But Joseph said to them, “Do not be afraid! Am I in the place of God? Even though you intended to do harm to me, God intended it for good, in order to preserve a numerous people, as he is doing today. So have no fear; I myself will provide for you and your little ones.” In this way he reassured them, speaking kindly to them. (Gen. 50:19-21)

Even though Joseph’s brothers intended harm, God intended it for good. That’s a great summary of the cross, too! Even though human beings intended harm to Jesus, God intended it for our salvation. And this is what I would suggest for the Passover, as well, reading it in the light of Christ. God took the occasion of God’s people in slavery in Egypt, combined with “natural disasters,” and intended it for something good, the liberation of God’s people from slavery. God doesn’t cause bad things to happen as punishments. Rather, God can take the occasion of bad things and turn them into good things. God can take sin and turn it into forgiveness and repentance. God can take even death and turn it into life.
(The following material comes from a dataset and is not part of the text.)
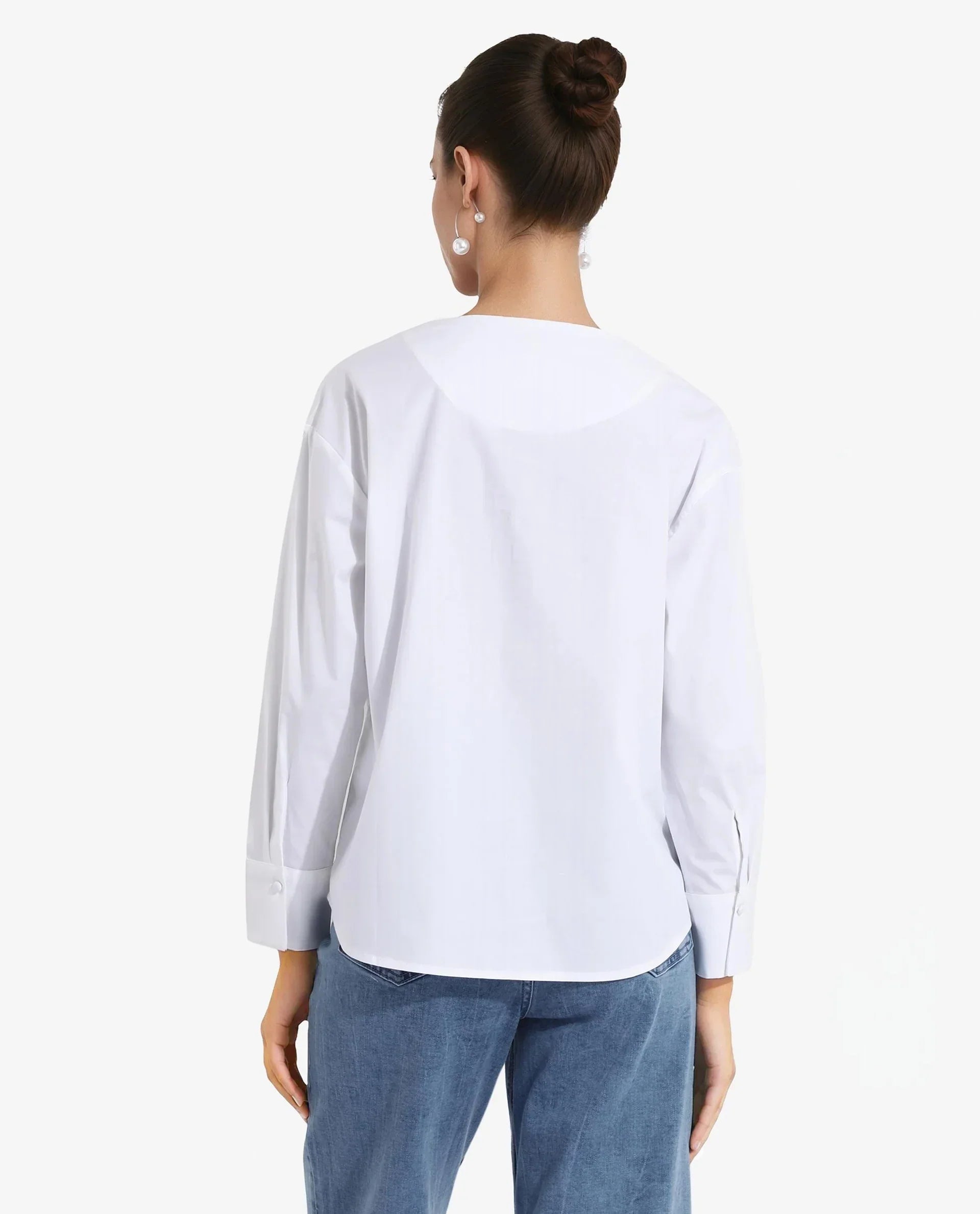 Rareism Women Nagoya White Cuffed Sleeve Round Neck Button Plain Top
This is the God Jesus came to reveal to us. So, looking at centuries of Christian violence, we might ask ourselves: when will it finally get through to us? Our First Lesson on February 7 can help answer this question. Isaiah 6 relates a very puzzling ending to the call of the prophet Isaiah. After Isaiah proclaims “Here am I, send me!”, God answers:

“Go and say to this people: ‘Keep listening, but do not comprehend; keep looking, but do not understand.’ Make the mind of this people dull, and stop their ears, and shut their eyes, so that they may not look with their eyes, and listen with their ears, and comprehend with their minds, and turn and be healed..” Then I said, “How long, O Lord?” And he said: “Until cities lie waste without inhabitant, and houses without people, and the land is utterly desolate….” (Isaiah 6:9-11)
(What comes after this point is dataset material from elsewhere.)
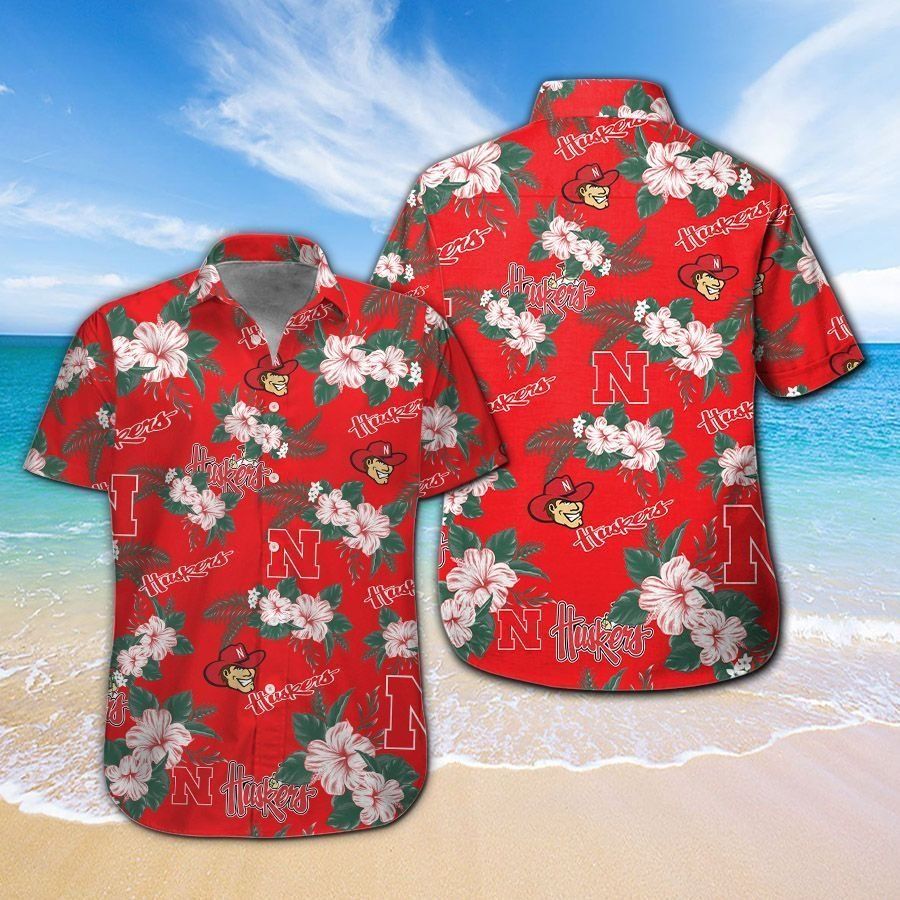 Nebraska Cornhuskers Short Sleeve Button Up Tropical Hawaiian Shirt VER032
Jesus quotes this passage in a prominent way in the Gospels (e.g., Mark 4:10ff.). He needs to get through to us something that’s very hard for us to see and hear. I fervently believe that it’s precisely what we’ve been talking about here. We human beings keep order in our communities by punishing wrong-doing. We can’t conceive of any other way of maintaining order, and so we’ve always needed our gods to back us up. If the true God actually has a holy way of communion for human communities based on something else, it would be terribly hard for us to hear or see that way. And such a loving God couldn’t use force to make us see it since force is precisely our way, not God’s. The only way left for such a God might exactly be to suffer our way of punishing wrong-doing — and then show it to be impotent by the divine power of love, which is the power of life itself.

Or will it take yet another round of having our cities laid waste? How long, O Lord? I’m convinced that a crucial part of our crazy time of change is that the Holocaust and the aftermath of WWII has gradually opened our ears and eyes anew to what we need to understand: the God of Jesus Christ has another way of peace for us to try, based on forgiveness and love, and based on nonviolent resistance (suffering) to evil. May this month’s Lenten journey to the cross and empty tomb continue the healing of our eyes and ears and hearts.